Items from a data source:
┏━━

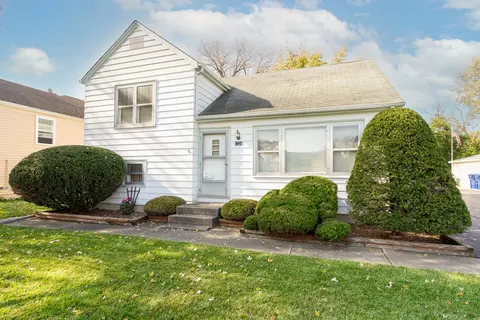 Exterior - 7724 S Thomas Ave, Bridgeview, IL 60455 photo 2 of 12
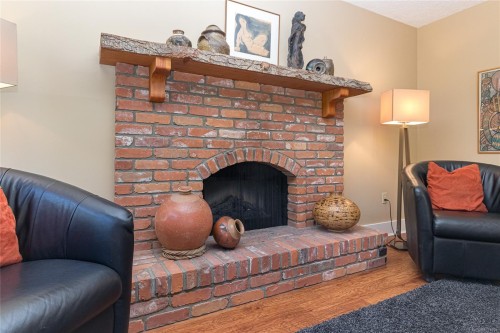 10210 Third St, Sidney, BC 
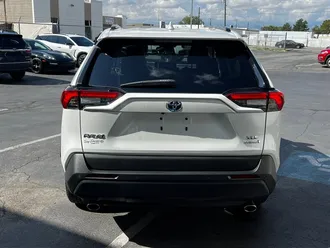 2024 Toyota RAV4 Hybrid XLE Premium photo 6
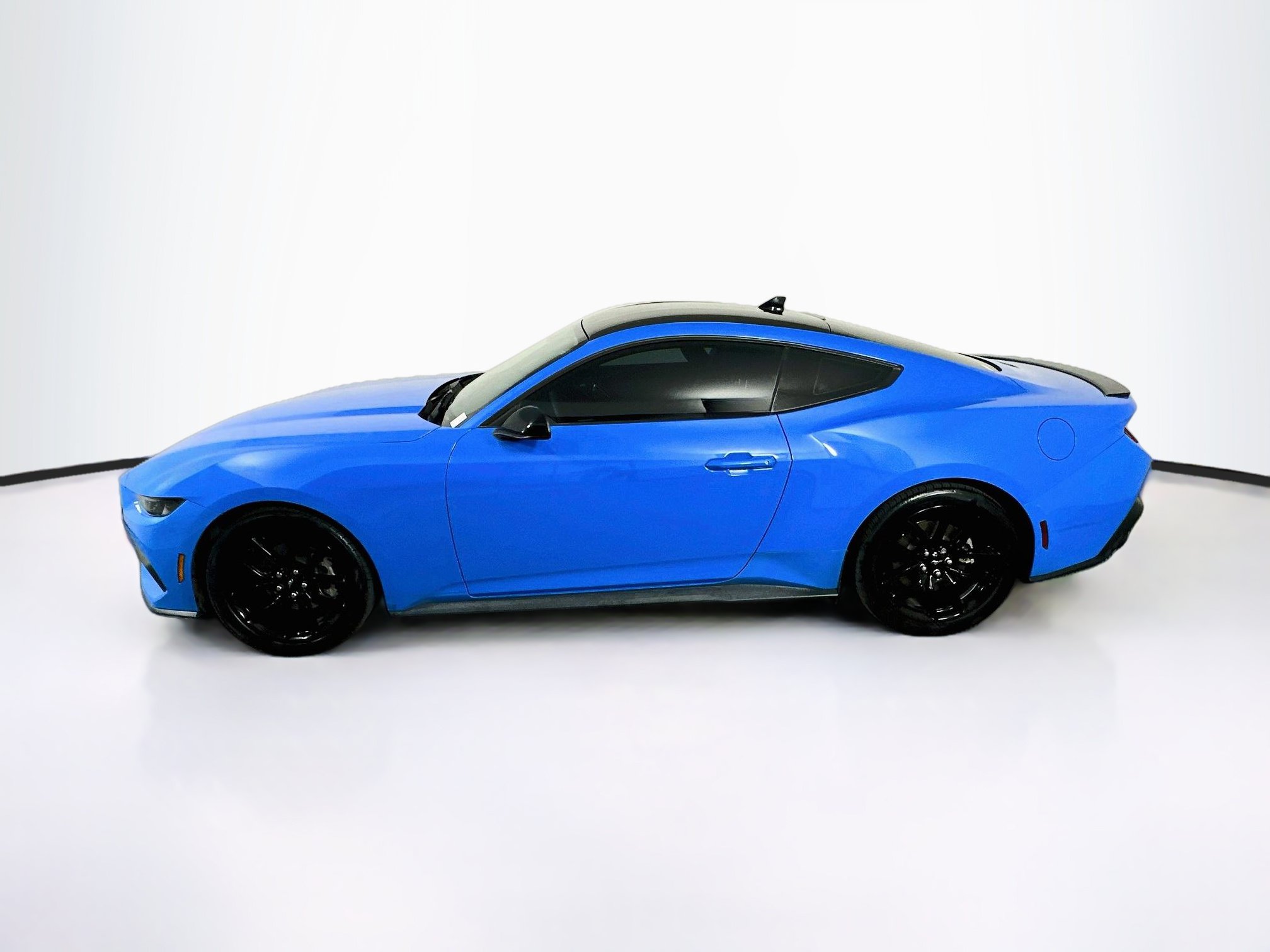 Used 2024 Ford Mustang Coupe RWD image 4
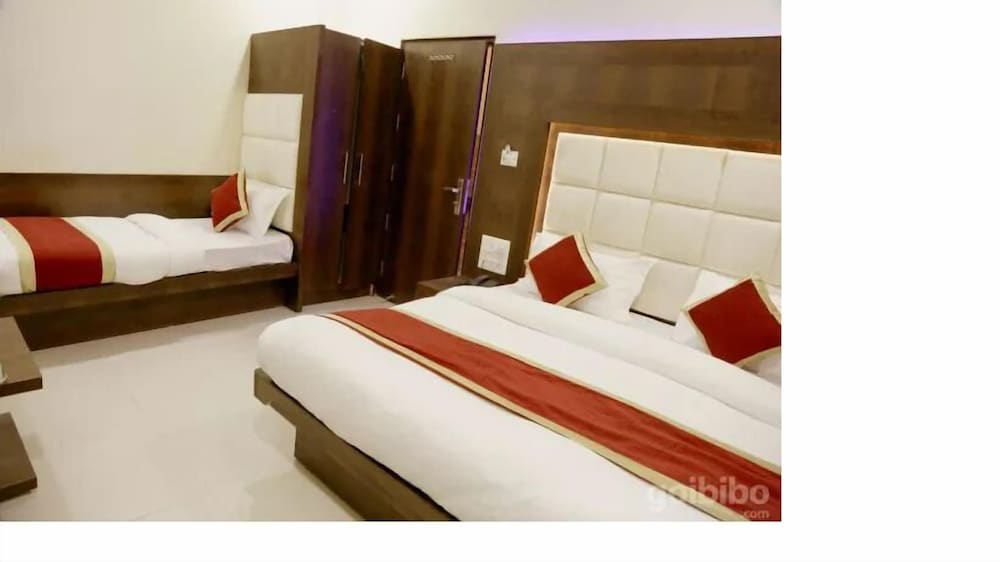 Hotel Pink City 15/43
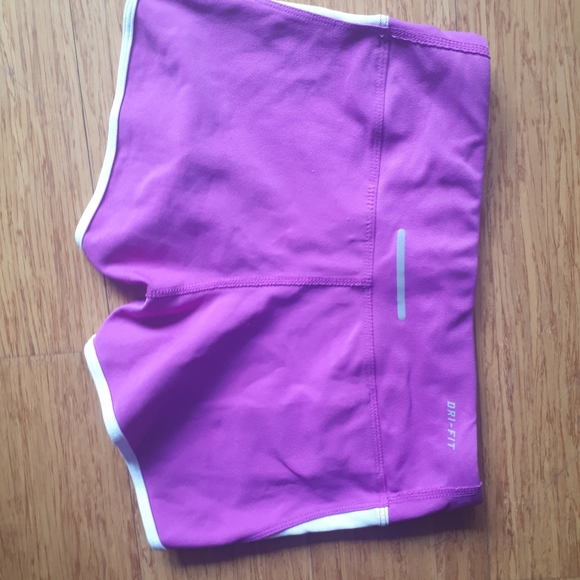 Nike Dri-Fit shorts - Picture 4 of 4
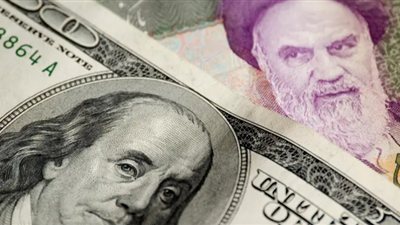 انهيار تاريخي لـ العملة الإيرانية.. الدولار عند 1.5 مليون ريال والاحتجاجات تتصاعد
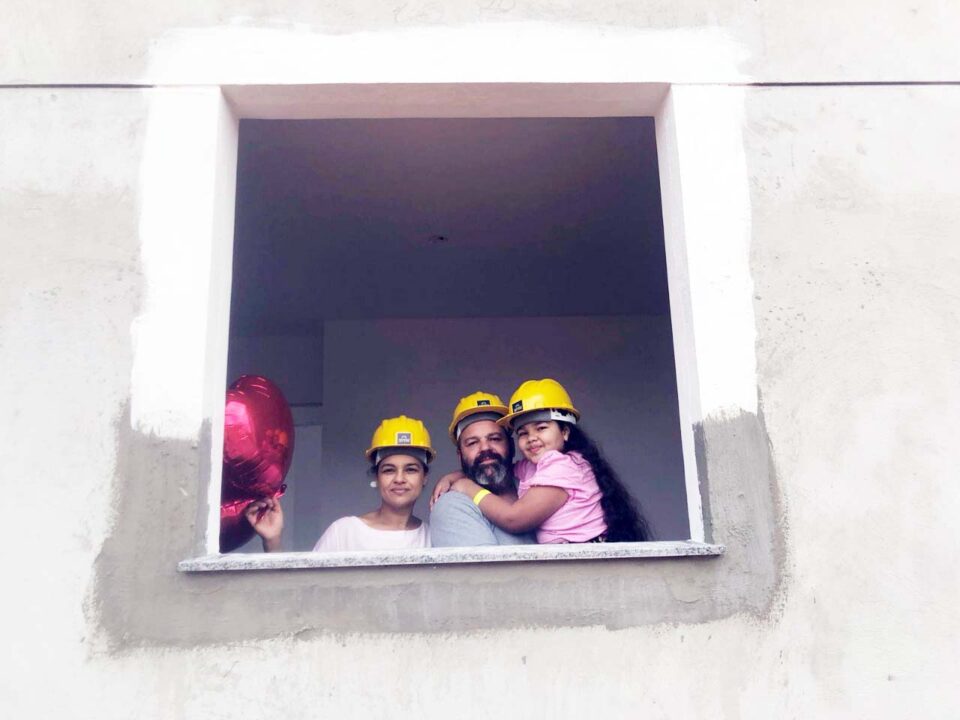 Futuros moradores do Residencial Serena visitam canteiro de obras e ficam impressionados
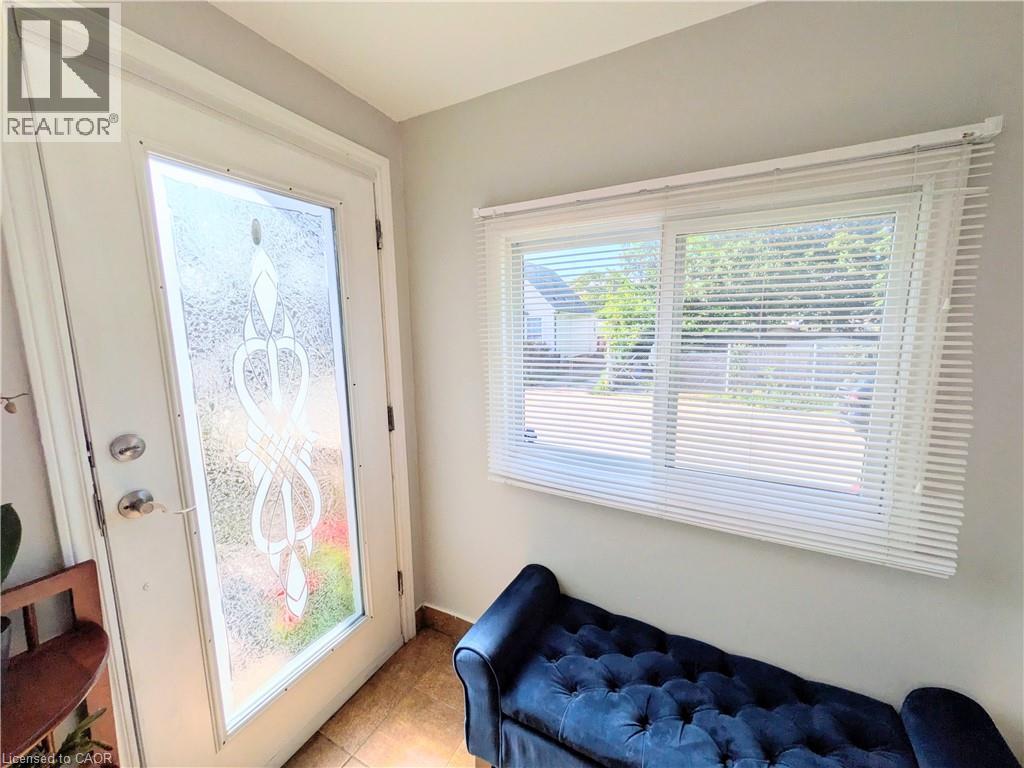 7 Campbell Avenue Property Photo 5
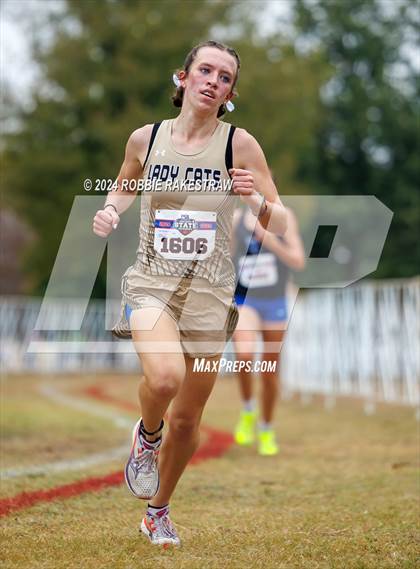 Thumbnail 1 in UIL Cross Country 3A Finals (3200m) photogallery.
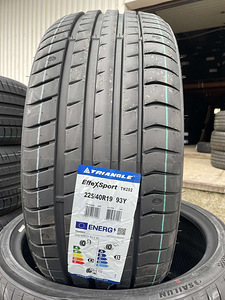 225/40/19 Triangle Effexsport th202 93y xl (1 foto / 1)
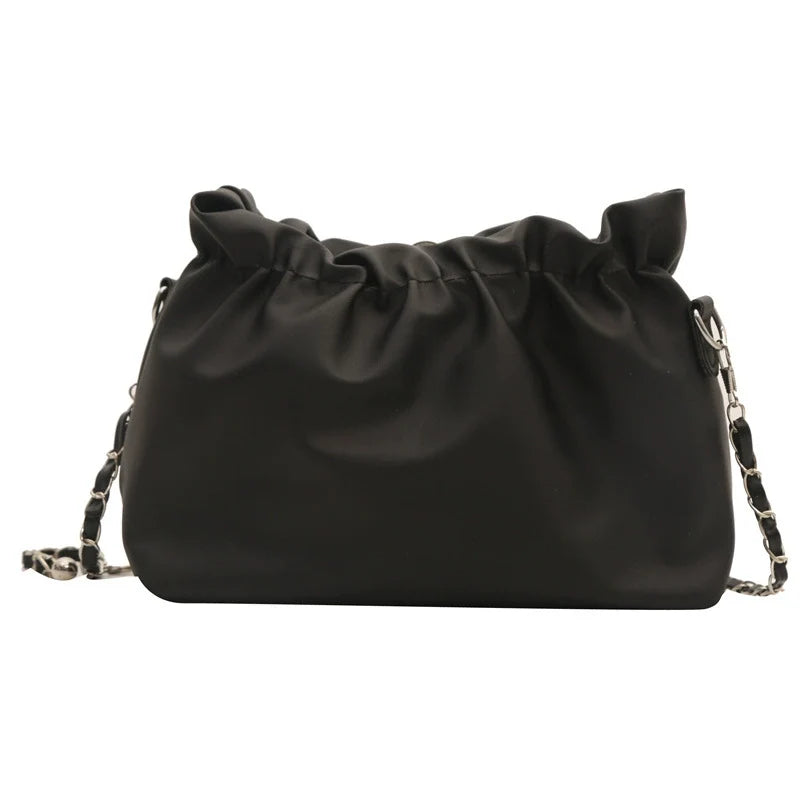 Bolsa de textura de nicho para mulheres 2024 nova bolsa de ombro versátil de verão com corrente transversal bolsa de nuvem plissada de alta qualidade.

┗━━

From top to bottom, restate the records above exactly and omit every picture.

 Exterior - 7724 S Thomas Ave, Bridgeview, IL 60455 photo 2 of 12
 10210 Third St, Sidney, BC 
 2024 Toyota RAV4 Hybrid XLE Premium photo 6
 Used 2024 Ford Mustang Coupe RWD image 4
 Hotel Pink City 15/43
 Nike Dri-Fit shorts - Picture 4 of 4
 انهيار تاريخي لـ العملة الإيرانية.. الدولار عند 1.5 مليون ريال والاحتجاجات تتصاعد
 Futuros moradores do Residencial Serena visitam canteiro de obras e ficam impressionados
 7 Campbell Avenue Property Photo 5
 Thumbnail 1 in UIL Cross Country 3A Finals (3200m) photogallery.
 225/40/19 Triangle Effexsport th202 93y xl (1 foto / 1)
 Bolsa de textura de nicho para mulheres 2024 nova bolsa de ombro versátil de verão com corrente transversal bolsa de nuvem plissada de alta qualidade.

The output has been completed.